** Opening GIVEN RECORDS block **
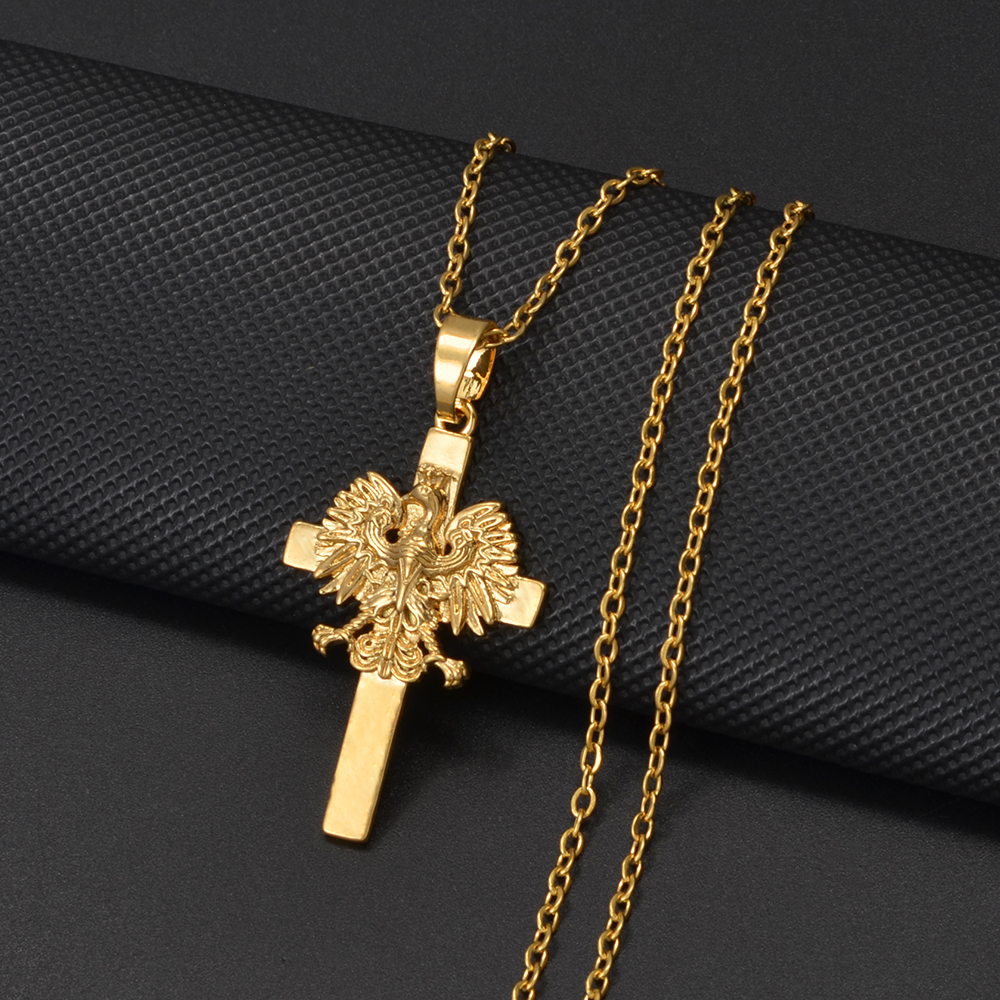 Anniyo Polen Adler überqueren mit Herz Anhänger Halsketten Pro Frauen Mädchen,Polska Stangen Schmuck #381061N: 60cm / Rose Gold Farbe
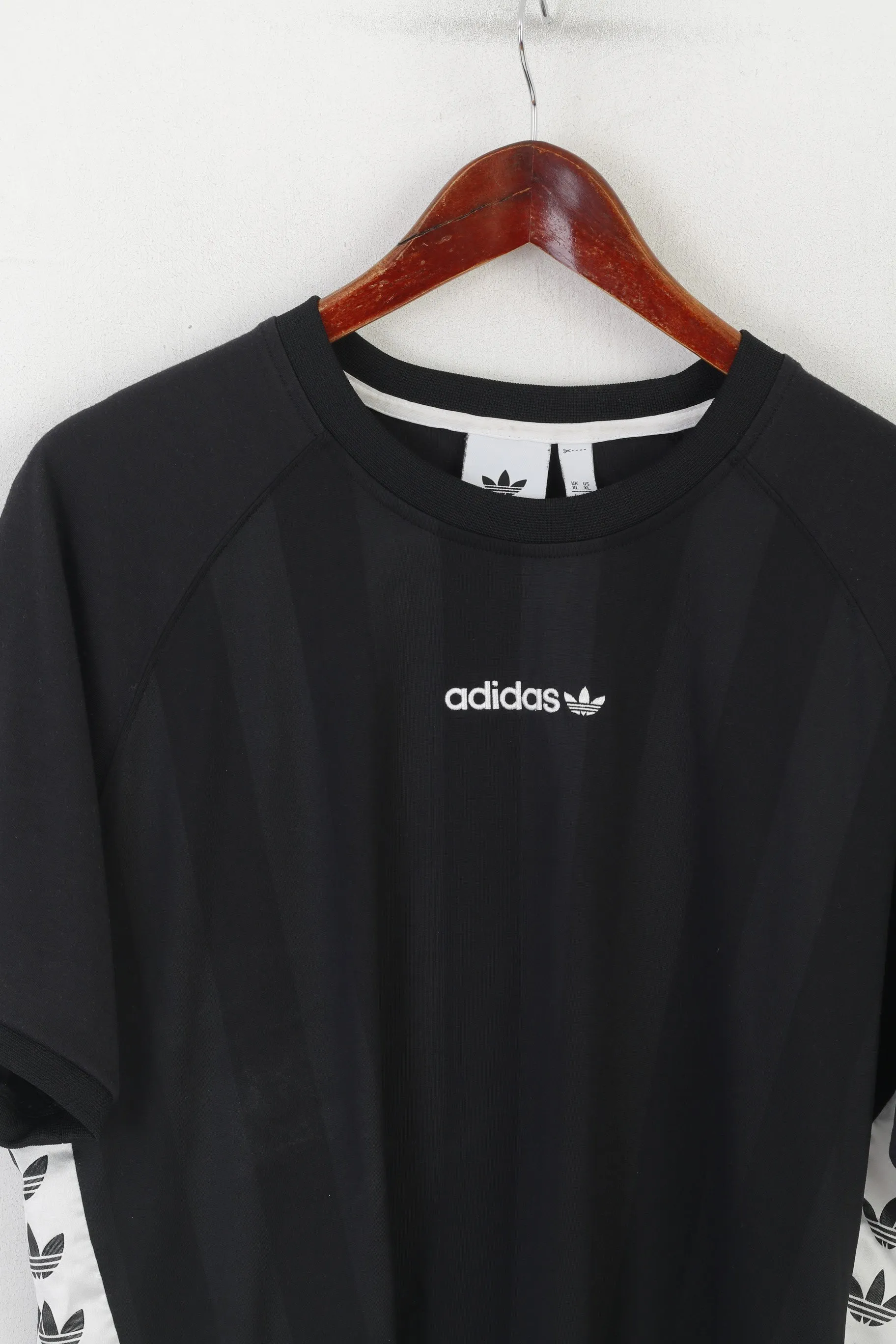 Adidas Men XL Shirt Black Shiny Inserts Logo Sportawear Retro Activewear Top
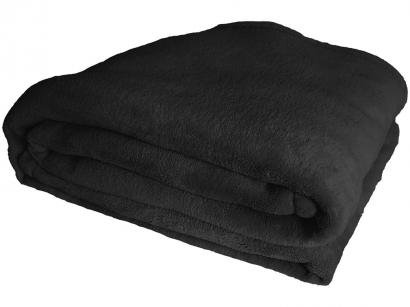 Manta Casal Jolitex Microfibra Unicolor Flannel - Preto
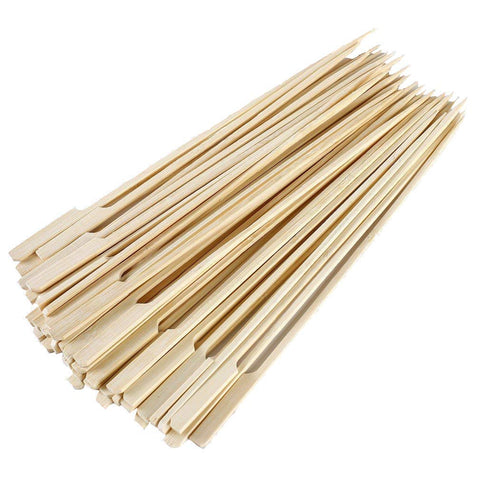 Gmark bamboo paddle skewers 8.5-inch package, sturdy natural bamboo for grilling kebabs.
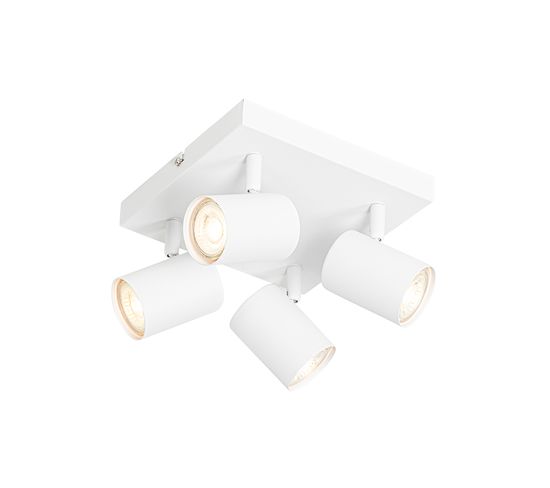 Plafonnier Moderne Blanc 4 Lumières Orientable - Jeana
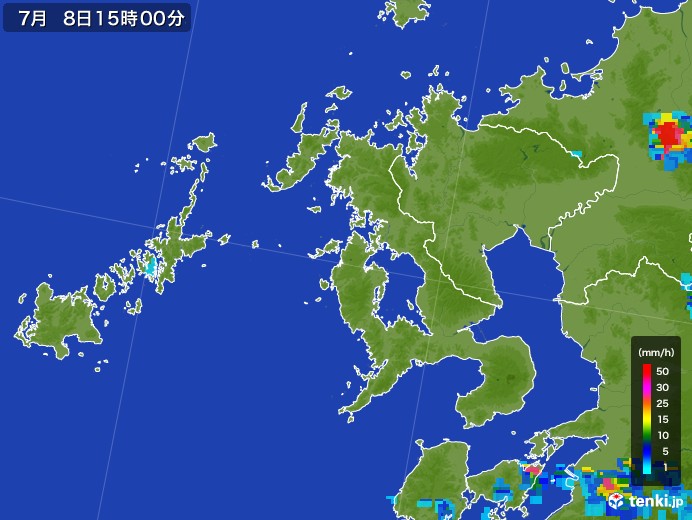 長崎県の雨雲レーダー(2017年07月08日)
** Closing GIVEN RECORDS block **
In your reply, please set down exactly the lines from the one containing "Plafonnier Moderne Blanc" through the end of the records, with the pictures left out.

EXERCISE ANSWER:
 Plafonnier Moderne Blanc 4 Lumières Orientable - Jeana
 長崎県の雨雲レーダー(2017年07月08日)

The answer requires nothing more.